Here's recent news. I'd be surprised if he didn't play now.
PHILADELPHIA (AP) - It seems Terrell Owens plans to play in the Super Bowl, ignoring his doctor's orders.
Owens reportedly told ESPN's Michael Irvin that, barring any setbacks, he will play against the New England Patriots.
What's more, Owens reportedly made more progress Thursday, running on the field at the Eagles' indoor practice facility.
Owens was then within earshot of reporters when he reportedly shouted to Eagles' trainer Rick Burkholder, ""Everybody said I couldn't do it, Rick. But it's going down."
FOXSports.com's Jay Glazer reported that the Eagles ran the injured wide receiver Tuesday night and he was able to make cuts without experiencing pain in his surgically repaired ankle. Barring any setbacks, the plan is to have Owens practice with the team on Monday.
On Wednesday, Burkholder said that Owens plans to continue rehabbing his injured ankle in an attempt to suit up for the big game on Feb. 6.
Dr. Mark Myerson, the surgeon who operated on the All-Pro receiver in December, said Tuesday he would not clear Owens to play in the Super Bowl.
"We understand Dr. Myerson's point of view. It's just that our risk-reward is different than his risk-reward," Burkholder said. "He has great risk in clearing Terrell to play and no reward. We think there's some risk and we think there's great reward, so right now we're going to progress with his rehab."
Owens was at the Eagles' practice facility for rehab work Wednesday, but the team did not make Owens available to reporters.
On Monday, before hearing Myerson's bad news, Owens said: "Spiritually I've been healed and I believe that I'll be out there on that field Sunday, regardless of what anybody says."
Myerson inserted two screws in Owens' right ankle and a plate on the outside of the ankle three days after he was injured against Dallas on Dec. 19. By not clearing Owens to play, Myerson should be absolved of any blame if Owens goes against his wishes and winds up re-injuring the ankle.
Owens was told after surgery that he had only an outside chance of returning for the Super Bowl, which was 6 1/2 weeks away at the time. But he rehabbed vigorously, hoping to help Philadelphia win its first NFL championship since 1960.
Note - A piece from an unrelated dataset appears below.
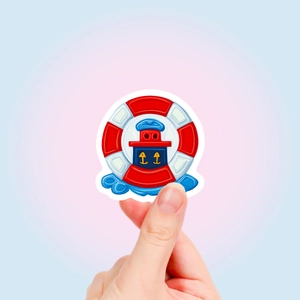 Close-up of waterproof nautical sticker featuring a lifeboat and anchor for laptops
But after a checkup Tuesday in Baltimore, Myerson said that while he's pleased with Owens' recuperation, the operation requires a recovery period of eight to 10 weeks. Myerson added that any attempt to accelerate the rehabilitation process poses the same risk for injury.
Burkholder said Owens worked out on a treadmill when he returned to Philadelphia on Tuesday.
"We will continue to see whether he can jog and see how he does day in and day out, see if he can change direction," Burkholder said Wednesday.
"If he passes all those tests, then we'll start talking about practice time. Right now, the game isn't even in our vision right now. If he has any setbacks in his rehab, then the whole idea of playing in the Super Bowl is probably off."
In his first season with the Eagles after eight years in San Francisco, Owens led Philadelphia with 77 catches for 1,200 yards and 14 TDs.
Quarterback Donovan McNabb and other Eagles have said they don't need Owens to beat the defending champion Patriots, who are 7-point favorites.
"We can win it without T.O. But, if he is there, we can win it with him and we are definitely going to try to win it without him," McNabb said Monday.
"I think he will be back," he added. "But, if he can't be back, we have to continue this ship home."